*** Opening Data under study ***

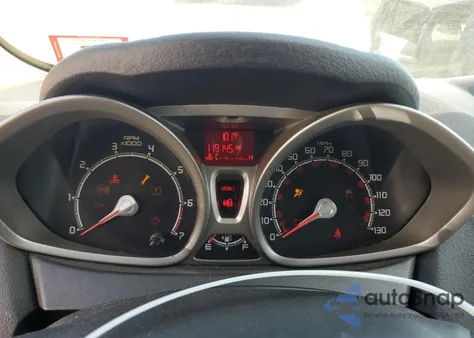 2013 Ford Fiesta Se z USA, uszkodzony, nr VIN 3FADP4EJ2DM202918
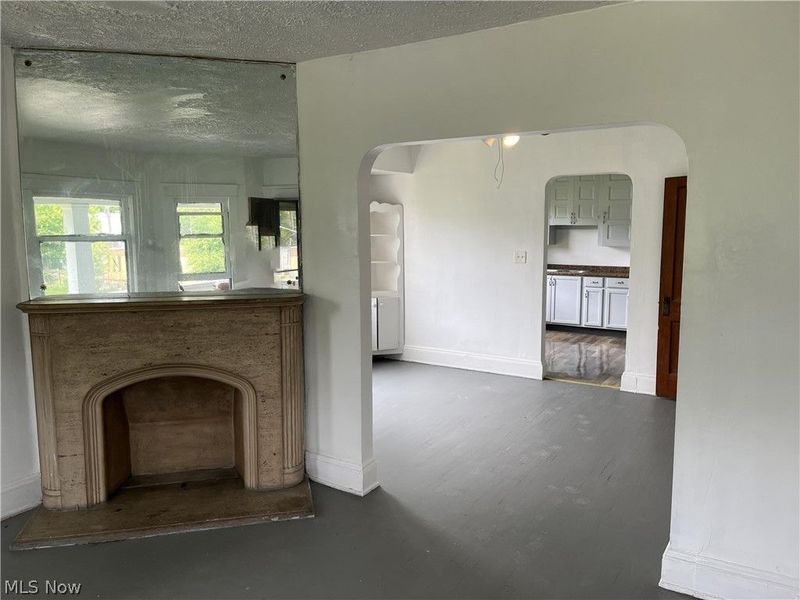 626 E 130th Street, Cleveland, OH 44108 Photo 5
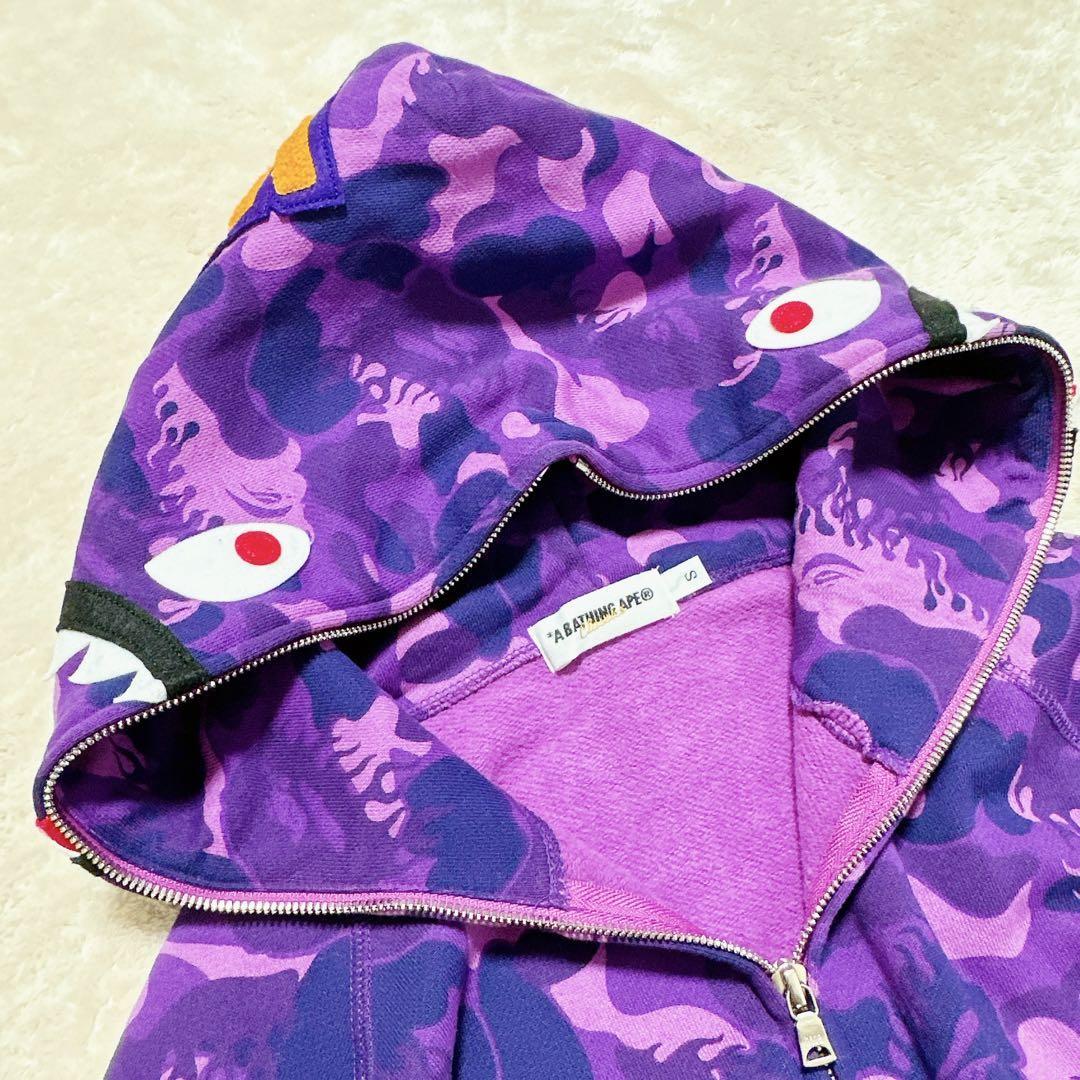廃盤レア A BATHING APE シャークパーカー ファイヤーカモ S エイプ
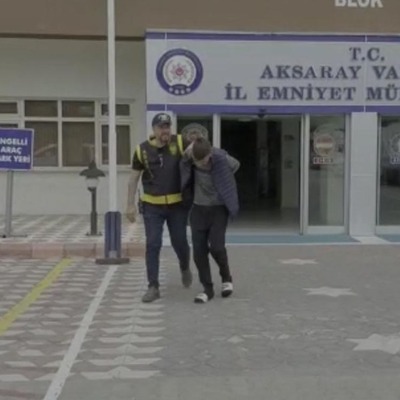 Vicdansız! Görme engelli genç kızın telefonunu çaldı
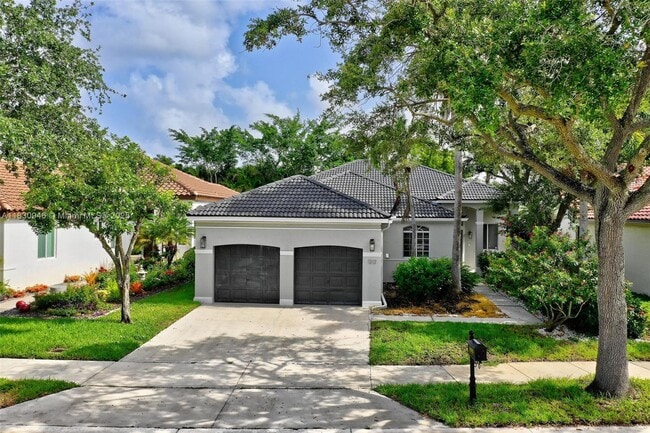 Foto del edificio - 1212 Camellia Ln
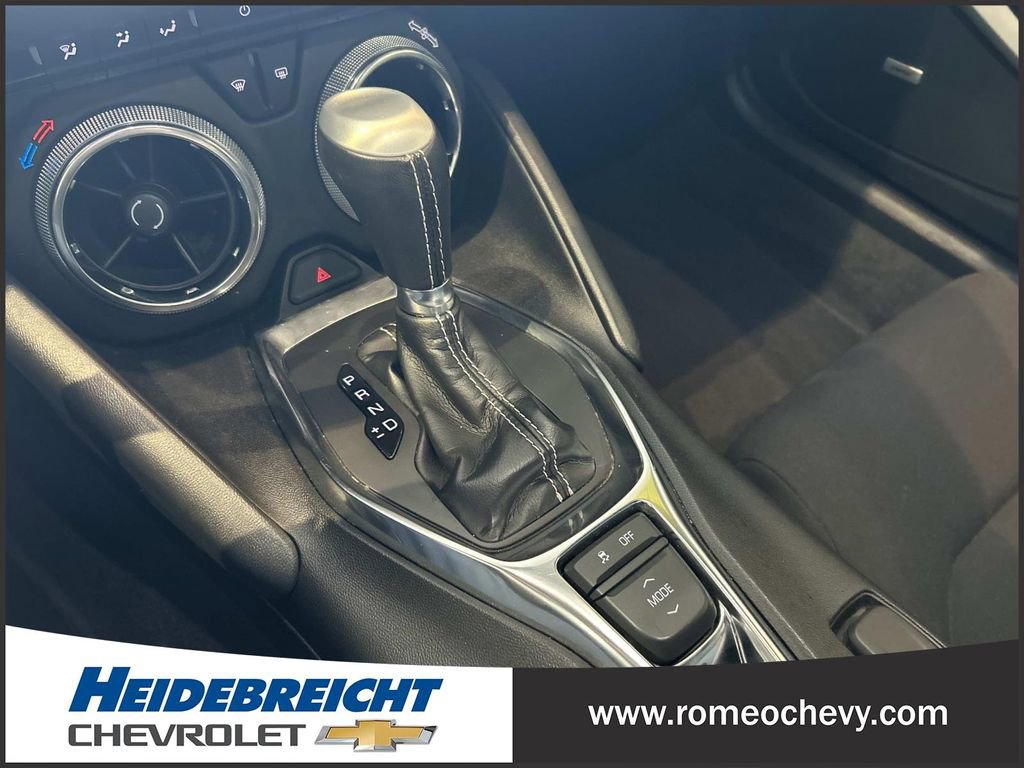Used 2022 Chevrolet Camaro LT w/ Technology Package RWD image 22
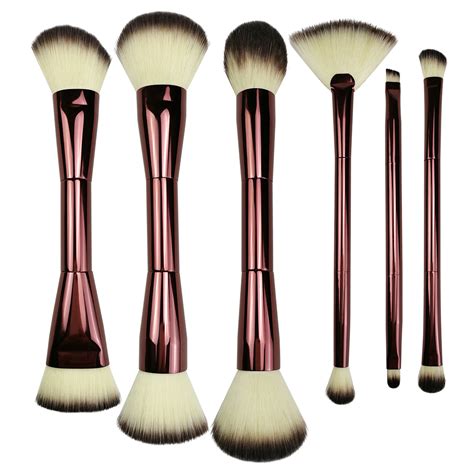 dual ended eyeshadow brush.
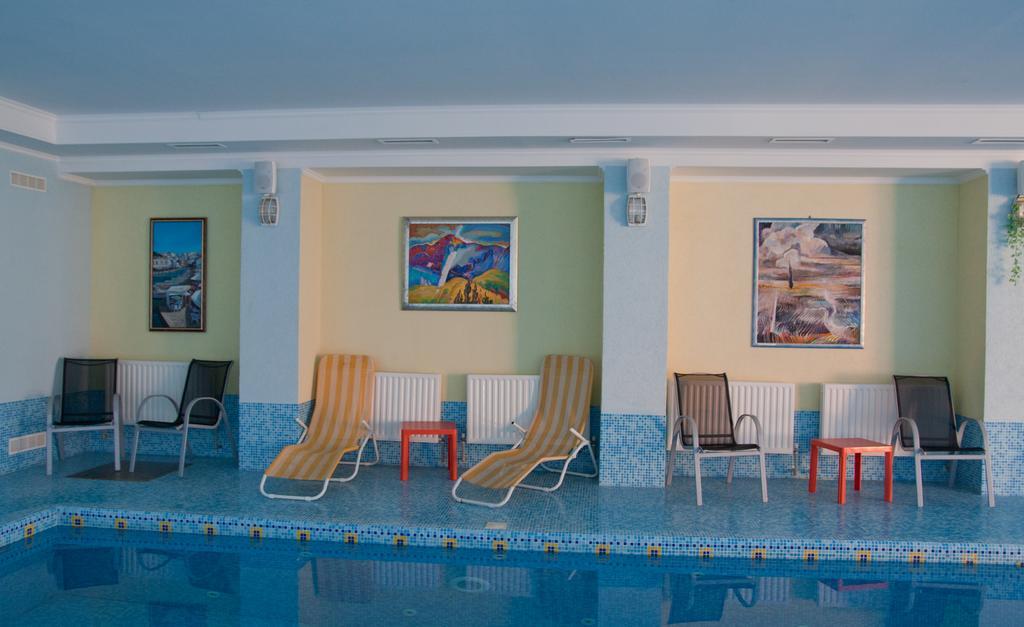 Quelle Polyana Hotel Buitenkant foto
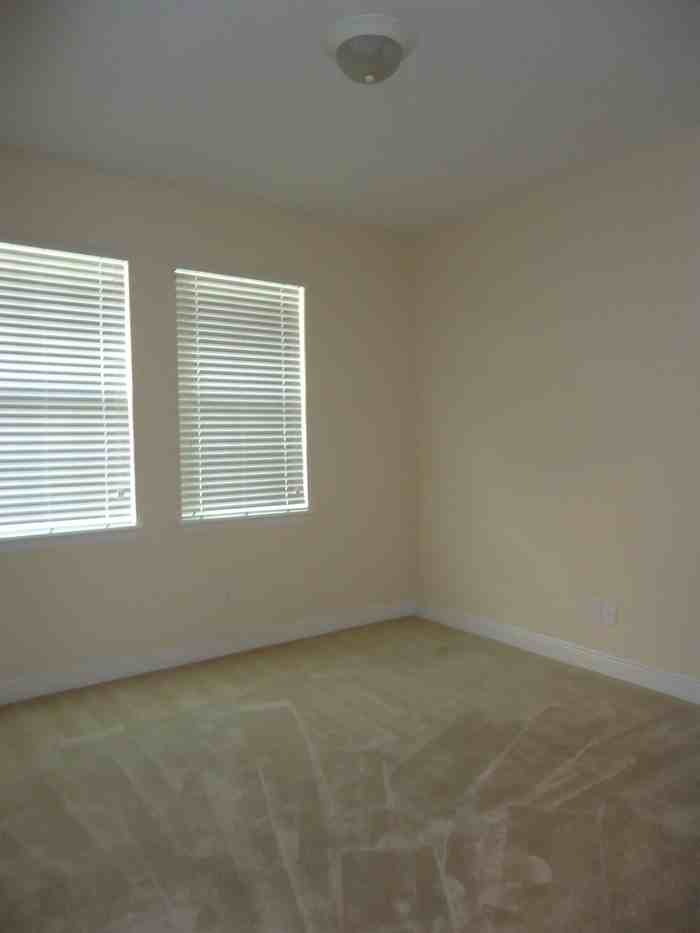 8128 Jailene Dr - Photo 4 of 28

*** Closing Data under study ***

• _Assignment_: Please output the records above exactly, without the pictures.

• _Response for this exercise_:
 2013 Ford Fiesta Se z USA, uszkodzony, nr VIN 3FADP4EJ2DM202918
 626 E 130th Street, Cleveland, OH 44108 Photo 5
廃盤レア A BATHING APE シャークパーカー ファイヤーカモ S エイプ
 Vicdansız! Görme engelli genç kızın telefonunu çaldı
 Foto del edificio - 1212 Camellia Ln
Used 2022 Chevrolet Camaro LT w/ Technology Package RWD image 22
 dual ended eyeshadow brush.
 Quelle Polyana Hotel Buitenkant foto
 8128 Jailene Dr - Photo 4 of 28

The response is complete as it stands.